Donald Trump has reportedly handed Chancellor Angela Merkel an invoice for a sum he believes Germany owes the US for Nato spending shortfalls at their recent meeting.

The bill calculated perceived funding deficiencies from Germany since 2002 and included interest, coming to an estimated $300bn (£240bn/€277bn).

Mr Trump has been critical of Nato members he sees as not paying their fair share of the alliance's funding. An agreement was made in 2014 in which Nato countries falling behind the target of spending two per cent of GDP on defence would improve their contributions.

But the bill stretches back 12 further years to when Merkel's predecessor, Gerhard Schröder, committed to higher defence spending.

A German minister branded the invoice as "outrageous".

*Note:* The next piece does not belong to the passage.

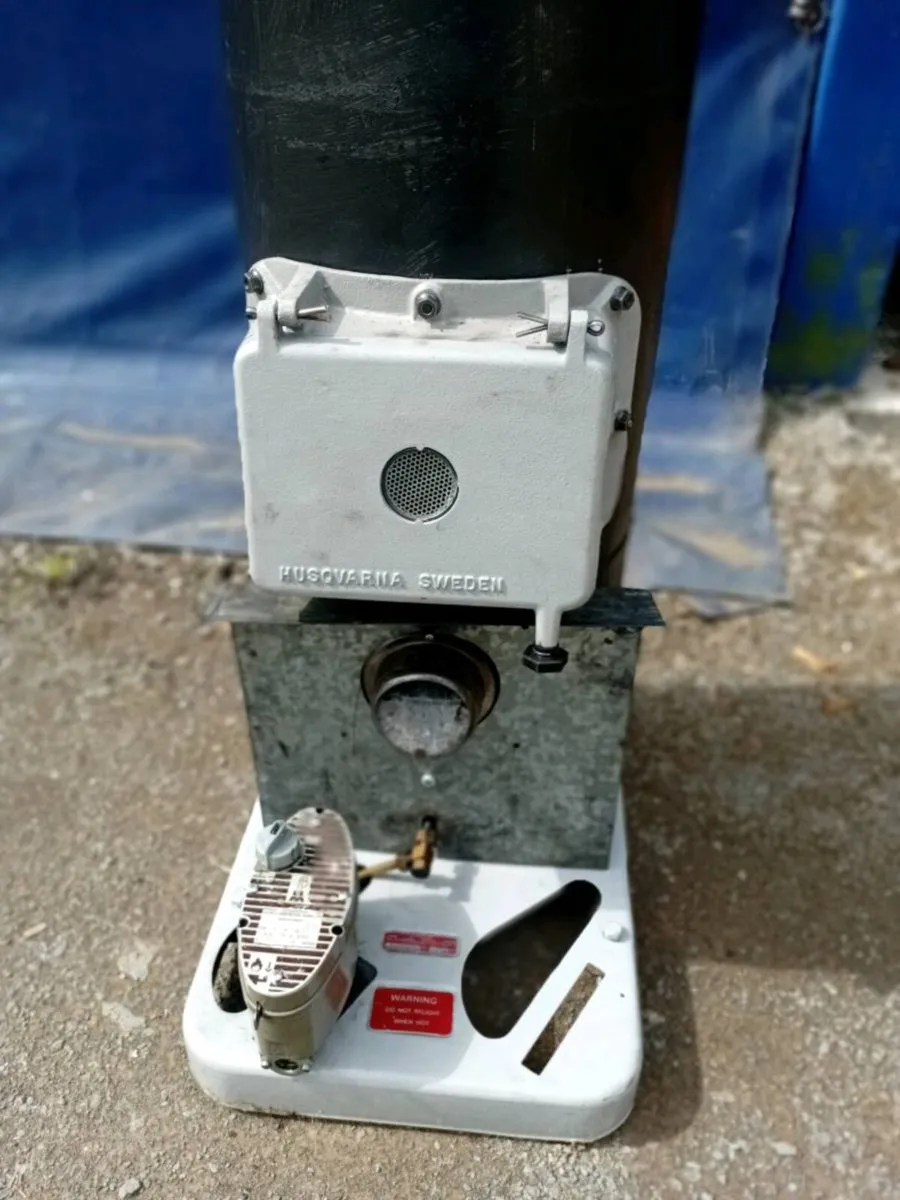 Vintage kerosene burner - Image 2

"The concept behind putting out such demands is to intimidate the other side, but the chancellor took it calmly and will not respond to such provocations," the minister told the Sunday Times.

Merkel's allies called Mr Trump's views on Nato spending "unorthodox".

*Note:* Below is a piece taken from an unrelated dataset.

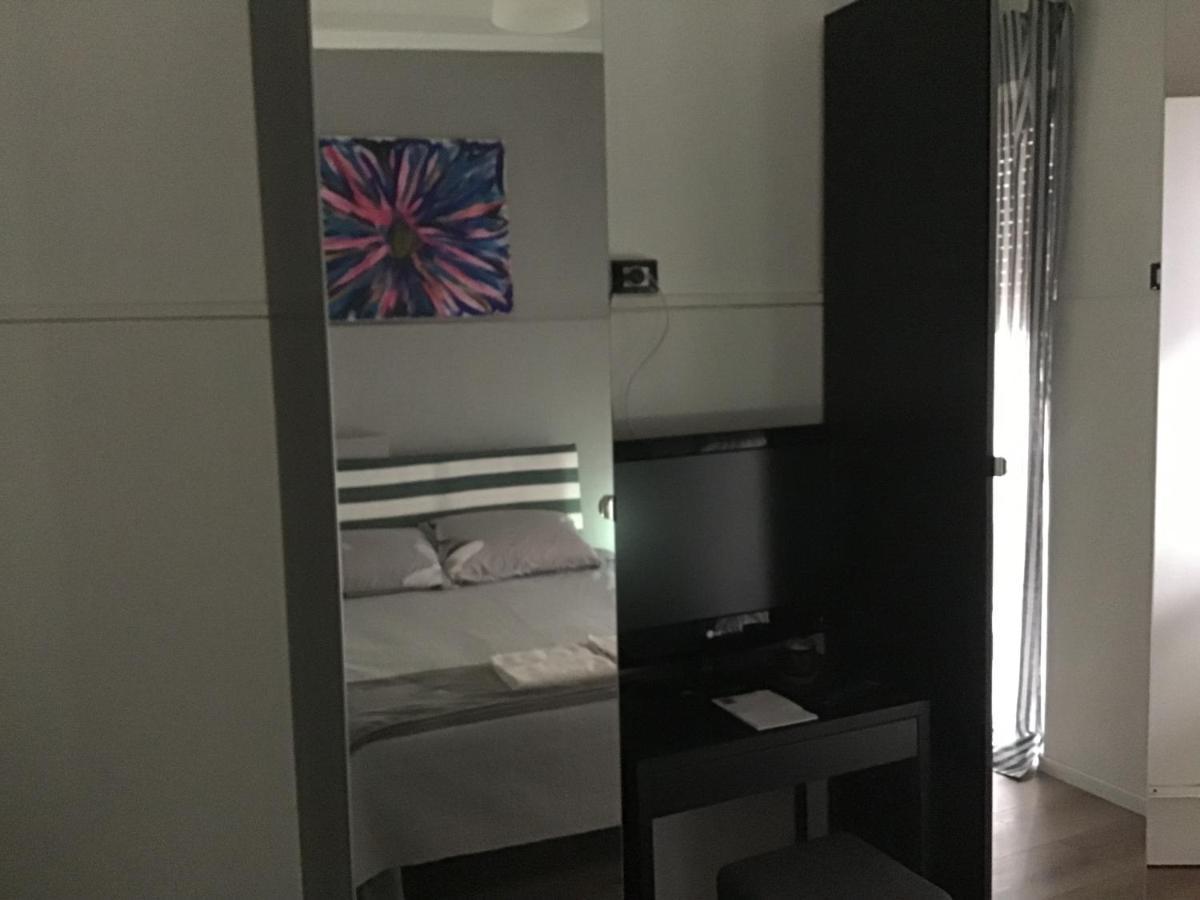 Casa Battisti - Suite Acquarello Lecce Luaran gambar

Other sources told the newspaper Trump's staff have prepared similar bills for other Nato member states which have not met the two per cent target.

Currently, just the UK, US, Poland, Greece and Estonia spend the correct amount or more. Germany, which since World War Two has tended to invest less in defence, spends around 1.2% of GDP but plans on increasing this figure.

The meeting between the two world leaders earlier this month was seemed fraught with tension, as Trump appeared to ignore Merkel's request for a handshake in front of photographers.

Press Secretary Sean Spicer later said the president hadn't heard her and Trump also tweeted he had a "great meeting" with the chancellor.

But the president insisted Germany owed "vast sums of money" to Nato and the US for defence.

The German defence minister, Ursula von der Leyen, responded to the Twitter tirade by saying: "There is no account where debts are registered with Nato."

She also stressed that defence spending was invested areas other than Nato, such as UN peacekeeping missions and the fight against Isis.